Not of General Interest: Student Evaluations and Academic Rigor

Friday, February 11, 2011

Student Evaluations and Academic Rigor

Richard Arum, speaking in "A Lack of Rigor Leaves Students 'Adrift'" at npr.org:

According to the study, one possible reason for a decline in academic rigor and, consequentially, in writing and reasoning skills, is that the principal evaluation of faculty performance comes from student evaluations at the end of the semester. Those evaluations, Arum says, tend to coincide with the expected grade that the student thinks he or she will receive from the instructor.

"There's a huge incentive set up in the system [for] asking students very little, grading them easily, entertaining them, and your course evaluations will be high," Arum says.

I'm glad it's a real study, or we'd all be saying, "thank you, Captain Obvious."

Seriously, though, student evaluation numbers are the primary way in which a lot of us have our teaching evaluated. We (or our administrators) have canonized those numbers and granted them a lot more power than they had when student evaluations began back in the 1970s. Isn't it logical to assume that in situations where those numbers have the most power, the temptation will be the greatest to massage the assignments into something that's student-friendly or at least complaint-proof?

I'd like to see some study like the following: take instructors of comparable rank and teaching ability (as measured by observation, etc.) who are teaching similar kinds of content, maybe a large required course where the instructors don't have to use the same materials. Half of them don't have to have student evaluations at all, or maybe they have evaluations that are locked away for the period of the experiment so that administrators can't see them. Follow both groups for 5 years or so, judging teaching in one group solely by observations, self-report, and review of course materials. At the end of that time, see if there's a demonstrable difference in student learning and academic rigor.
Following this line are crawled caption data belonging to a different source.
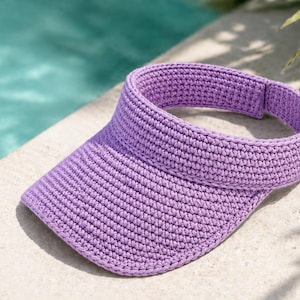 May include: A lavender crocheted visor hat. The hat features a wide brim and a band to fit around the head. The hat is made of a textured, woven material. The hat is sitting on a white surface next to a pool.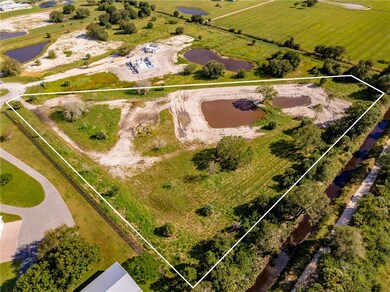 Overview of rural landscape with a large body of water and property boundaries highlighted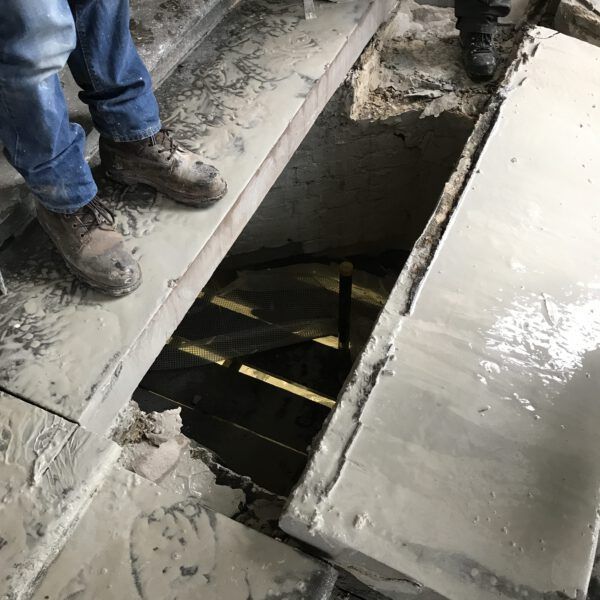 A person is standing in a hole in the floor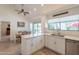 Bright and airy kitchen with stainless steel appliances, white cabinets, and a breakfast bar at 14624 N 44Th St, Phoenix, AZ 85032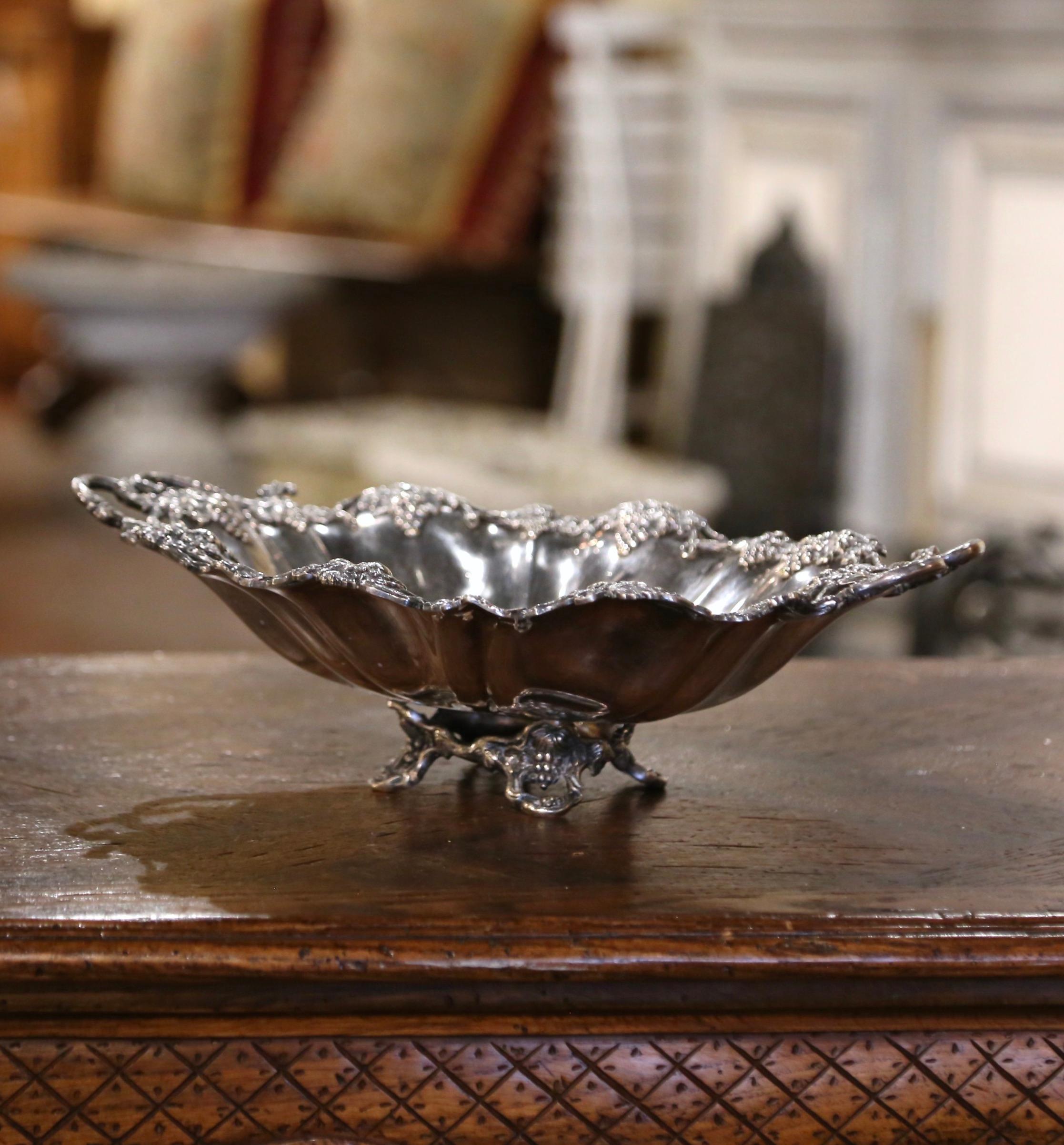 Serve your baguette or crackers in style in this elegant bread tray. Crafted in France circa 1870 and oval in shape with side handles, the dish stands on four feet, and features intricate grape and vine motifs in high relief. The display tray is in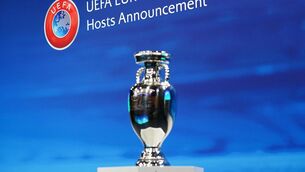 <p>A general view of the European Championship trophy during the Euro 2028 and Euro 2032 hosts announcement ceremony at the UEFA Headquarters in Nyon, Switzerland: up for grabs in the 2024 finals; Sunday, 7pm, RTÉ2</p>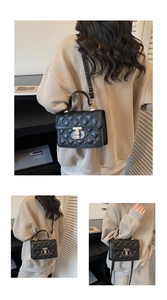 Detail of black quilted leather handbag with gold metal clasp and versatile shoulder strap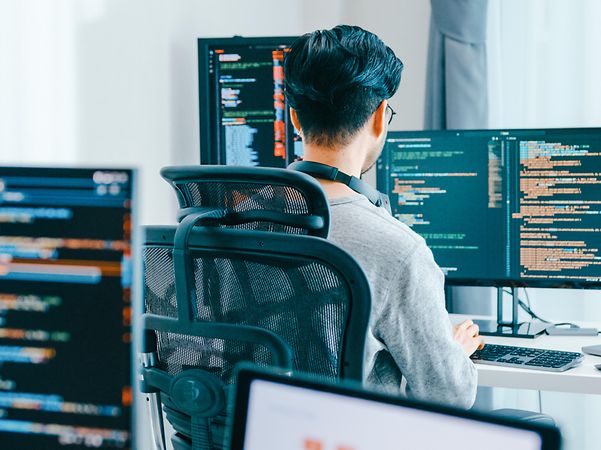 View over the shoulder of a developer at computer screens displaying lines of code.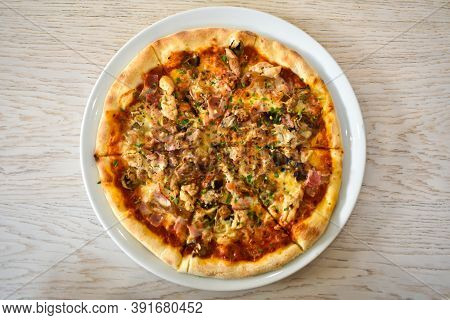 Baked Pizza With Mushrooms, Bacon And Cheese In A White Dish On A Light Wooden Table. Top View. Pizz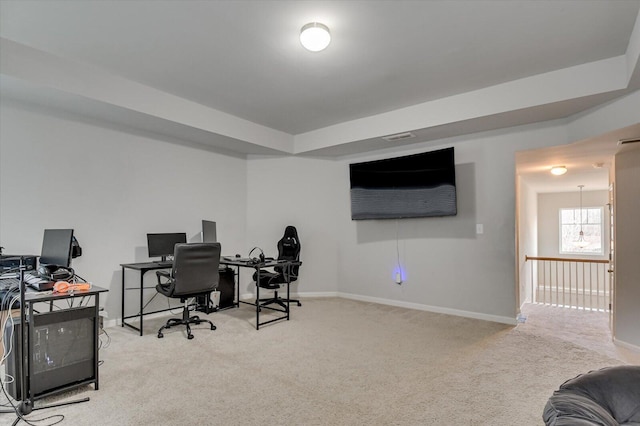 office space with light carpet and baseboards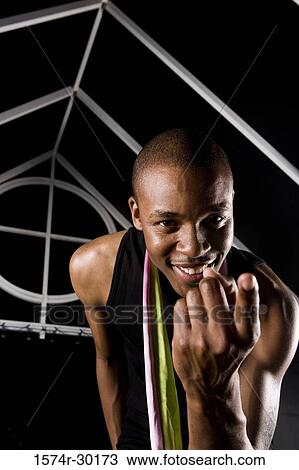 Portrait of a cheerful man pointing finger View Large Photo Image Stock Image - Portrait of a cheerful man pointing finger. Fotosearch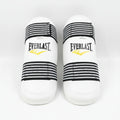 A pair of Everlast boxing shin guards in white with black and white striped elastic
I know this probably couldn't be done (and isn't a scientific design, of course), but if we're going to "assess outcomes," shouldn't we also be assessing one of the primary if not the only means by which we evaluate teachers?

7 comments:

Anthea said...: Urgh....oh no. Whilst reading your posting I started to think and remember conversations where my colleagues back in the UK talked about the Research Assessement Exercise that plagues many British academics every year.; 11:09 PM
Anonymous said...: There's a study at the military academy, I think by Scott Carrell and Jim West, that does a similar study looking at math classes for which there is an external exam.
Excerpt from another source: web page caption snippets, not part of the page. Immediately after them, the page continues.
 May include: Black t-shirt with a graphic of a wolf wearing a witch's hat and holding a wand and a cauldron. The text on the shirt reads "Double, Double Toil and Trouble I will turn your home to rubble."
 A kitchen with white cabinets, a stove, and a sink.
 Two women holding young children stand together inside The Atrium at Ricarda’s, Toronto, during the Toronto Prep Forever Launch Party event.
I *think* they found that high evals were correlated with positive grades on the external exam, but negatively with mathematical learning in later classes. Students preferred professors who taught towards the test and were penalizing those who gave them a deeper or broader understanding.

Of course, their evals could be affected by the fact that they have this general exam.; 4:45 AM
undine said...: Anthea, does the Research Assessment Exercise try to determine the impact of research or of teaching?

nicoleandmaggie--thanks for that information on the math study. I'm not surprised to hear those results.; 8:59 AM
profkm said...: Thanks for pointing me in the direction of this story. I have recently been thinking about the relationship between academic rigor and student evaluations myself: toohottoteach.wordpress.com; 3:56 PM
Carl said...: Without clicking through, because I'm already playing enough hooky here, I'm suspecting the usual gag in pop reports of 'studies', in which carefully qualified correlations are transformed into 'possible reasons'. Another, less flattering correlation is the famous transformation of the academy from an elite enclave into a commodity, and the consequent 'democratic' entry into academe of barbarians from the lower classes and other previously-excluded groups. This includes me; I won't speak for anyone else here.

Anyhoo, some of us identify with the status elite we're trying to infiltrate and become zealously-converted disciplinarians, some of us remain identified with our prole roots and become populist iconoclasts. Some of each group give up on the old standards altogether, in disgust or triumph, once the consumer's voice is duly empowered. Those of us who get good evals find them valuable compendia of popular wisdom, those of us who don't think they're mere demagoguery. So much ideology, so little data.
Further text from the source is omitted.